The enduring value of discovery

I have worked as a UX Researcher for a long time. In all those years, across countless projects and product teams, one truth has remained absolute: I have never conducted a study that didn’t get a reaction. However, depending on how built-out the product was, the team’s reaction to that research changed drastically. Teams who received disappointing results on a loose wireframe were grateful for the data and immediately got to work on the next idea. Teams who received disappointing results on something that was nearly fully built would react in ways typical of confirmation bias: denial, discomfort, sudden disinterest, and rationalizing away the negative feedback as “user error.”

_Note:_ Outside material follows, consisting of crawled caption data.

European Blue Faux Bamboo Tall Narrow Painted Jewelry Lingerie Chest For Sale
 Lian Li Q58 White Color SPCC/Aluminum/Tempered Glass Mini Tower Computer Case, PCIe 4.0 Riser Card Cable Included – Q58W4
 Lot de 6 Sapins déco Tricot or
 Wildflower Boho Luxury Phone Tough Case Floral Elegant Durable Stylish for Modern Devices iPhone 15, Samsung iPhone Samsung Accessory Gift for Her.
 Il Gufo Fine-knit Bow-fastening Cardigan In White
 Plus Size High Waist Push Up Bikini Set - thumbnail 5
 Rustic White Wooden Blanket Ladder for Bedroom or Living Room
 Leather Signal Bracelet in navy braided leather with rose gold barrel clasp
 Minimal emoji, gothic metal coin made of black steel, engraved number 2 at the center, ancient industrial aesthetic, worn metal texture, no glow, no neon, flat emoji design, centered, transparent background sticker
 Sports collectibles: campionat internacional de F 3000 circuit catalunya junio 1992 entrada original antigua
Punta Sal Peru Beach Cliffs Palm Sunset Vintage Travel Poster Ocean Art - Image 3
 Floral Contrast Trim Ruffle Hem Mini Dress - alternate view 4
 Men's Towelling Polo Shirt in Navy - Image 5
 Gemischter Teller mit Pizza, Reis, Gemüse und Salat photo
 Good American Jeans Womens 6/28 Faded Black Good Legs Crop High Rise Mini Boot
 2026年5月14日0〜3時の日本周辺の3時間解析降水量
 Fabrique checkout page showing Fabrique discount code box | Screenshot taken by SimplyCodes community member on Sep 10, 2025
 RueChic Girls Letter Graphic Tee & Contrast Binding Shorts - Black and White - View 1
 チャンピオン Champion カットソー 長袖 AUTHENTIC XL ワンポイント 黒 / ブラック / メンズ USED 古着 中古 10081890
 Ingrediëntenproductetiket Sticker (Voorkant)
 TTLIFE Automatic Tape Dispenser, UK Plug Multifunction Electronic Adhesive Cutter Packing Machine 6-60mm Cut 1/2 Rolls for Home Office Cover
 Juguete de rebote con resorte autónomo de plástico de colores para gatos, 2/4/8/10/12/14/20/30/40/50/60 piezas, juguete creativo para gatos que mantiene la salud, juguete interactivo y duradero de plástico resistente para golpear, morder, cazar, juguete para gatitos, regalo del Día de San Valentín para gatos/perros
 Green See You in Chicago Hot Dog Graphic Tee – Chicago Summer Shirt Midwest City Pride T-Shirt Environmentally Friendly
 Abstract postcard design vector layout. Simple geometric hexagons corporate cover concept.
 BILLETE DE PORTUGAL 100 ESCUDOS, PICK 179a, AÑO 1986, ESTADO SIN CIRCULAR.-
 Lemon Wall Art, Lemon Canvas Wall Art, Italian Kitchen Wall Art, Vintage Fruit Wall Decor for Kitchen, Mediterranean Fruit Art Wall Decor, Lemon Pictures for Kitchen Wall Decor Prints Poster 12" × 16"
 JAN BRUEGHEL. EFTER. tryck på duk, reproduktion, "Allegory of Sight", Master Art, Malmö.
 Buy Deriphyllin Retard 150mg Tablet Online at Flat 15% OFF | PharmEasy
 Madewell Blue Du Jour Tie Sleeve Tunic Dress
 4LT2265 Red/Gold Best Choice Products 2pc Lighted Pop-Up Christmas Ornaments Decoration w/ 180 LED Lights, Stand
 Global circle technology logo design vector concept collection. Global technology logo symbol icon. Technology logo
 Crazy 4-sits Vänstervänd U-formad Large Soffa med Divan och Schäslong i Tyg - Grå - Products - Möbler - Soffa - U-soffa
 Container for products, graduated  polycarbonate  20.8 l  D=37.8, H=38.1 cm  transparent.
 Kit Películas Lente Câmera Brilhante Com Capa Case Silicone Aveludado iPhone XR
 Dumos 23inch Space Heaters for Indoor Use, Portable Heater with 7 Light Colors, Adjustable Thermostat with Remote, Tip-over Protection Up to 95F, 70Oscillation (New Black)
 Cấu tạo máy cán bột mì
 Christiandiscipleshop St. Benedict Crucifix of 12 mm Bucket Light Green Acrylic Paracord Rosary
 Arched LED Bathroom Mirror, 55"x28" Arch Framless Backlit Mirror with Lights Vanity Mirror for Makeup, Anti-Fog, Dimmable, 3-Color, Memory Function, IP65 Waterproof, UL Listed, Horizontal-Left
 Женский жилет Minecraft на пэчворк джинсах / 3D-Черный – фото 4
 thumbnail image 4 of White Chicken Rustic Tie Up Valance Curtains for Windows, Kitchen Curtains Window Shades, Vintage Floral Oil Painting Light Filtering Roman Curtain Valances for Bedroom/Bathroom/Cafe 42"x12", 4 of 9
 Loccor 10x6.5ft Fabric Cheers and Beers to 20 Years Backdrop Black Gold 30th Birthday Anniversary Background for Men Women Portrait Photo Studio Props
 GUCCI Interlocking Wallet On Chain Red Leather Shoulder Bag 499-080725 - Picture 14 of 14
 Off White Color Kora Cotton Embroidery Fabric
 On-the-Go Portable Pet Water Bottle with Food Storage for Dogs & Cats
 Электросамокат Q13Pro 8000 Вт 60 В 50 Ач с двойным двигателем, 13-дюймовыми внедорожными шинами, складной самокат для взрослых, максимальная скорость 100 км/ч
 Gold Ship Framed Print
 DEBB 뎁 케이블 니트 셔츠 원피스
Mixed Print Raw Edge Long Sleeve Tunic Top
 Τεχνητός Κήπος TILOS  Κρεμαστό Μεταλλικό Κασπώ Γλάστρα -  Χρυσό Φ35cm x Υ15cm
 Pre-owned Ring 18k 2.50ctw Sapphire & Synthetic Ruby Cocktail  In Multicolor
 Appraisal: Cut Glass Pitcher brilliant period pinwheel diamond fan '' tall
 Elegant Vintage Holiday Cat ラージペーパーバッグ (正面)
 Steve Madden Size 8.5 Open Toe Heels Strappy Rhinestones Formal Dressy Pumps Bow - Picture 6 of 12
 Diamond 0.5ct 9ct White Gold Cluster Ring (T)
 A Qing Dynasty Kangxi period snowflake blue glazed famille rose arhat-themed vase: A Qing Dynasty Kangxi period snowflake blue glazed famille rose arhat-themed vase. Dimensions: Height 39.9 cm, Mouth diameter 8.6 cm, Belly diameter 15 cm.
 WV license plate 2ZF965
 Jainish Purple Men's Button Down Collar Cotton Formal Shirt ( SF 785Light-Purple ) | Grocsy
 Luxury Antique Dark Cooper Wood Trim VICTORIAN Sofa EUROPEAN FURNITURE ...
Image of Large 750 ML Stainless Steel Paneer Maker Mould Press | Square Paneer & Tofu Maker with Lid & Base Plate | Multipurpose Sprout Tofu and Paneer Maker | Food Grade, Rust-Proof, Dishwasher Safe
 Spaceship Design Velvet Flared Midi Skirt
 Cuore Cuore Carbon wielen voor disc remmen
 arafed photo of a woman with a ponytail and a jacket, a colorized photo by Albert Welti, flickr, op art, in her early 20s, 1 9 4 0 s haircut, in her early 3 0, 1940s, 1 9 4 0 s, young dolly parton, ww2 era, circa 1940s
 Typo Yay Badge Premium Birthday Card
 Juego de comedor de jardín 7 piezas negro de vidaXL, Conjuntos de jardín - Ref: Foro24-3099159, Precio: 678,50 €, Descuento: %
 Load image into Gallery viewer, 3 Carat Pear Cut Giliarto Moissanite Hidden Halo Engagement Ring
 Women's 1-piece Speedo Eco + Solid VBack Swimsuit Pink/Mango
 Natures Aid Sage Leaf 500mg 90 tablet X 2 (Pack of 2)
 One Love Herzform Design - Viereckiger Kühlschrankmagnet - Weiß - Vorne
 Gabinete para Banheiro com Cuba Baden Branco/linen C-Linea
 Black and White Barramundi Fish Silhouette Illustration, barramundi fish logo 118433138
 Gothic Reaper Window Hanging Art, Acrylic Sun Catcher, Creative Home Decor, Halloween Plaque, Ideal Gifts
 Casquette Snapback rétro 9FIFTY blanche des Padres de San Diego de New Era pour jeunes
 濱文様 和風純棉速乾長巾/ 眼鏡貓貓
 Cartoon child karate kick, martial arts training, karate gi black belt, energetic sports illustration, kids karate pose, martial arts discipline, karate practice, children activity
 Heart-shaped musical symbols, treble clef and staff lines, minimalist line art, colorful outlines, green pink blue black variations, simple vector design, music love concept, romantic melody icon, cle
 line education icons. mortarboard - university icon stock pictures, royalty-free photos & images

My strategy for getting in front of team confirmation bias has always been to work with them earlier in the design process. Now AI has radically compressed that timeline, shrinking the window from weeks after initial product effort is launched down to just a couple of days. This is why we must continually reframe necessary product discovery work. It is no longer about saving engineering time. It is the only way to mitigate the massive market and reputational risk of building the wrong thing at warp speed.

The barrier to writing functional code has never been lower. But speed of execution is useless if we are running in the wrong direction. We must embrace AI for its ability to build quickly, but we must fiercely defend the discovery phase. If we don’t, we will just find ourselves building the wrong thing faster than ever before.